The Design question: ’Whose Future’ or ‘Who is Future’?

Moosa Khan
5 min readApr 27, 2021

I grew up in post-liberalization 90’s India. I was lucky enough to be able to access a steady diet of western popular culture in the form of cartoons, video games and comic books — think men in capes that can fly and shoot lasers from their eyes, Turtles who are trained in the martial arts and love Pizza, Intergalactic peacekeeping monks known as the Jedi. Most of these espoused western cultural values and ideas that seemed fantastical at the time, even if they were based on realities elsewhere. Since they didn’t fit within the context of my Indian reality, they quickly became sweet escapes from the humdrum every day.

When our MA Service Design cohort was tasked with thinking of a future service to tackle the imminent climate emergency in Southwark, it triggered the memory of one such cartoon — Captain Planet & the Planeteers (1990–1994) — where a diverse team of “Planeteers” are able to combine their elemental powers (Earth, Fire, Water, Wind, Heart) to summon superhero Captain Planet. He works with the Planeteers to defend Earth from pollution caused by criminals and villains.
For 10-year-old me, this was the first time, that fantasy presented itself as plausible fiction — a reality that probably existed and could very well be the future in my reality too. It also made me painfully aware of climate change and as well as its solution; primarily by personifying both the problem (as villains) and the solution (as Captain Planet and the Planeteers). Present-day me, reframed this as a ‘What if’ question.
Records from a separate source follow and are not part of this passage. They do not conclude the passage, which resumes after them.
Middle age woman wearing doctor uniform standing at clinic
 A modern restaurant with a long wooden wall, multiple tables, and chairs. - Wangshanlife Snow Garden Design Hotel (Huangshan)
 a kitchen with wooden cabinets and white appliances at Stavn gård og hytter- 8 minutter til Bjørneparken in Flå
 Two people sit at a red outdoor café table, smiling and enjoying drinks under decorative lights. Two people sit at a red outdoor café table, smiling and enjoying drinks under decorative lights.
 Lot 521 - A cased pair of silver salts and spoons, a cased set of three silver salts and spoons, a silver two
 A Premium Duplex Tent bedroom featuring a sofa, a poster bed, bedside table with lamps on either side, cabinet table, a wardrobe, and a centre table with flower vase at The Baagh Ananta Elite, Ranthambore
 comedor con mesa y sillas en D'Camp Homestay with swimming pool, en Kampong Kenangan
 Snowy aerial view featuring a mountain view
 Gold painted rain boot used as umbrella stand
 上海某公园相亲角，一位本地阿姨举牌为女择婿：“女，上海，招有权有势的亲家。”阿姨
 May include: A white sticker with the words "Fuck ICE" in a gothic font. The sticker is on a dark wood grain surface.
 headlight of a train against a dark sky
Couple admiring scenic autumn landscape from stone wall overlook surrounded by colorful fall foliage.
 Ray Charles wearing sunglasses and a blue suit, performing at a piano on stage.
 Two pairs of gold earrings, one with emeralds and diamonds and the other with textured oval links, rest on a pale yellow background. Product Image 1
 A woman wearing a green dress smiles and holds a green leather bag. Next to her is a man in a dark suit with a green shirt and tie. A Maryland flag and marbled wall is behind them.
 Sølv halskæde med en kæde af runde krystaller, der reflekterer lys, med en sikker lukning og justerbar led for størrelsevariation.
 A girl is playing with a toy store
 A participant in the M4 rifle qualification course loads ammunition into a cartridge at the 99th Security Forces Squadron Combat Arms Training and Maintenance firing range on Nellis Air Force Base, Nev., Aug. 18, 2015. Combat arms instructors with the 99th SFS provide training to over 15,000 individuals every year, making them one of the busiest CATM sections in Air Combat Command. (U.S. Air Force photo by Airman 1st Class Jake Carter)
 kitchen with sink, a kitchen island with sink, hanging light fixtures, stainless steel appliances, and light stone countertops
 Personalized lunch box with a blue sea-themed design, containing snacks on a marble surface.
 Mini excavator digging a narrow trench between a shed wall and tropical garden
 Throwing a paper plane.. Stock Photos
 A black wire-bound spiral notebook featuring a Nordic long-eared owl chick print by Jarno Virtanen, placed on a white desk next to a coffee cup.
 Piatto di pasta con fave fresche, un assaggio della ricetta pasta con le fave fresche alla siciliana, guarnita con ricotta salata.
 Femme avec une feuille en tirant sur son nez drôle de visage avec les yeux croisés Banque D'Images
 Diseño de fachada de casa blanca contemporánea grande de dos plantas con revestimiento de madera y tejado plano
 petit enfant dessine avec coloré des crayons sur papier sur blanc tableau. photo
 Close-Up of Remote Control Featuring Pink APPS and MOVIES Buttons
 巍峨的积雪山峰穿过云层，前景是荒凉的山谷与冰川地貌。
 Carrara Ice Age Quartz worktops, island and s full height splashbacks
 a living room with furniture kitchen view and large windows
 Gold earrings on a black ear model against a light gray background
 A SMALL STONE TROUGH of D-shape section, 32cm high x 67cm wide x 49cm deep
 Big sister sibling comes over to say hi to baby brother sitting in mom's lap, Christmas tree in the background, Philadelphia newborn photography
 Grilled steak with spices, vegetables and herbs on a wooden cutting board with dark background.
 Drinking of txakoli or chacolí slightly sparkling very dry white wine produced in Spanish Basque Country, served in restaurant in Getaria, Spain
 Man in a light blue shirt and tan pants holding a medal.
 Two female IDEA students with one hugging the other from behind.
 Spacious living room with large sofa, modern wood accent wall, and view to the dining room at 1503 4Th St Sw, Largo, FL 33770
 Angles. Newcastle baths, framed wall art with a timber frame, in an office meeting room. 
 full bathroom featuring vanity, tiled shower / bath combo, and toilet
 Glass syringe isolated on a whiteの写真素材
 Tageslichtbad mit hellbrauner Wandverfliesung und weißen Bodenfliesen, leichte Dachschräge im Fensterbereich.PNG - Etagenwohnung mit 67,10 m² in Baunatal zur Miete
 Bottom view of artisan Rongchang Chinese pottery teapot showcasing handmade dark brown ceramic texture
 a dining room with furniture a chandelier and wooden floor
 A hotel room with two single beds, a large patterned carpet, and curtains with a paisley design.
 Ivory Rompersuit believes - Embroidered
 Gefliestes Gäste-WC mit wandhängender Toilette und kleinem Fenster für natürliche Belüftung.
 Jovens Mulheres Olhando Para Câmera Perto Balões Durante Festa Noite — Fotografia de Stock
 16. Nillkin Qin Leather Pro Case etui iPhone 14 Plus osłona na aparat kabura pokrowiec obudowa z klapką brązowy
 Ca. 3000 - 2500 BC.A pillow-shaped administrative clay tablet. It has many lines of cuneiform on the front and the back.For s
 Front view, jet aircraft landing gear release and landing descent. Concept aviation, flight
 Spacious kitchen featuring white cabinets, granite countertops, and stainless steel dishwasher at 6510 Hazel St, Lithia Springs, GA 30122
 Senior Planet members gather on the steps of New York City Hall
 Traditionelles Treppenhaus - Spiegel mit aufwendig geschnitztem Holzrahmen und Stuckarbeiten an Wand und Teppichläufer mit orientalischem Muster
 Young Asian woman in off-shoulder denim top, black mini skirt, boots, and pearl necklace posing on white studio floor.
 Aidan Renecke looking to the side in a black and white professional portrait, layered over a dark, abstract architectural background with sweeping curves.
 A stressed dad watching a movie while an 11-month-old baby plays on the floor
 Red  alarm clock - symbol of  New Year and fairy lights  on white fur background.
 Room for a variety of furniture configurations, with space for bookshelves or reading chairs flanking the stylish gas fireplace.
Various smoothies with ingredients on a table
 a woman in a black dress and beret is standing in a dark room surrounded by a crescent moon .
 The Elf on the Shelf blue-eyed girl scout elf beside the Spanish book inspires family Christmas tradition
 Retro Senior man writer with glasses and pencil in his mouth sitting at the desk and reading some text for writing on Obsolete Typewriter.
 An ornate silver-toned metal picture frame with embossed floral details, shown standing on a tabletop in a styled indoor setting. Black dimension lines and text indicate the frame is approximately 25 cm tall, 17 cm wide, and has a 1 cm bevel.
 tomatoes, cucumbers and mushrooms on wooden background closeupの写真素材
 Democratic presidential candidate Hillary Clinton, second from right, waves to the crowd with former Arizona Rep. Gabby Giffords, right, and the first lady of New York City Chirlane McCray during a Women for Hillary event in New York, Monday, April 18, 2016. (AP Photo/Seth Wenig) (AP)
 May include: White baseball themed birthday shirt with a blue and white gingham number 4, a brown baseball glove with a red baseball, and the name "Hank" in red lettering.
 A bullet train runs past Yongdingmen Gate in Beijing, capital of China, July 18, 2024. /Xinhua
I was tempted to give the future a face — for one, it could help provide you with a solid visage of something that isn’t really tangible. But when designing for climate change it could very well become an anticipatory design approach.

Personifying the Future as Service Designers

Prism and Kaleidoscope

Service Design thinking often encourages us to look at the world through what I like to call a Prism & Kaleidoscope approach. We break down systems into key components and then visualize new arrangements. Taking this approach, we broke the future down into what it could mean an:
- Is the future a place? Or is it time? Or both?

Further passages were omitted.